PROVIDED MATERIAL:
——————

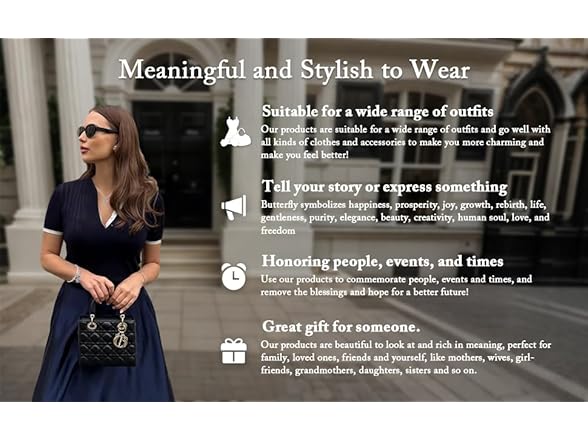 Amieween Butterfly Charms S925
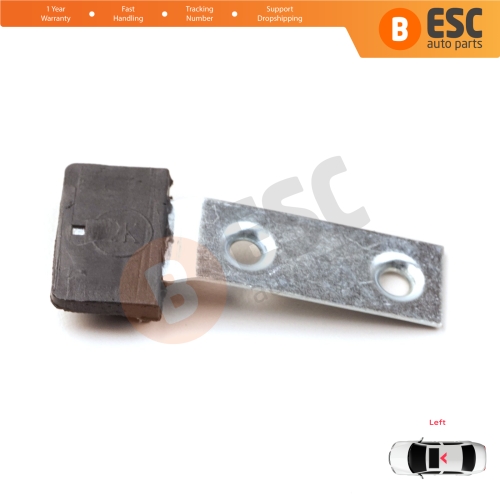 Sunroof Shade Curtain Left Side Slider for BMW 3 Series E46 2003-2006 Facelift 54137134516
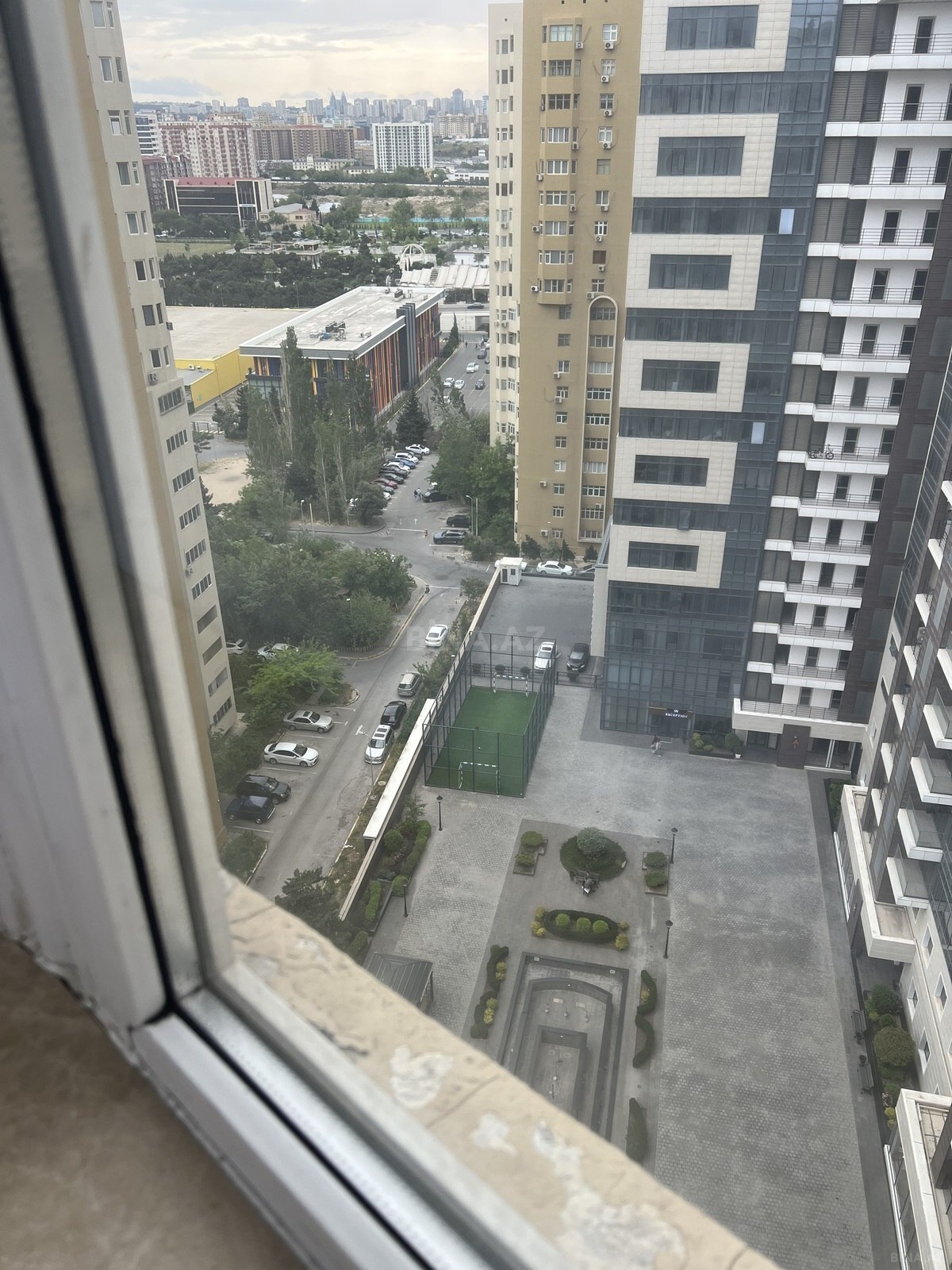 3 otaqlı yeni tikili - Şah İsmayıl Xətai m. - 120 m² (3)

——————

BRIEF: Repeat the data word for word; drop the pictures.

THE ANSWER:
 Amieween Butterfly Charms S925
 Sunroof Shade Curtain Left Side Slider for BMW 3 Series E46 2003-2006 Facelift 54137134516
 3 otaqlı yeni tikili - Şah İsmayıl Xətai m. - 120 m² (3)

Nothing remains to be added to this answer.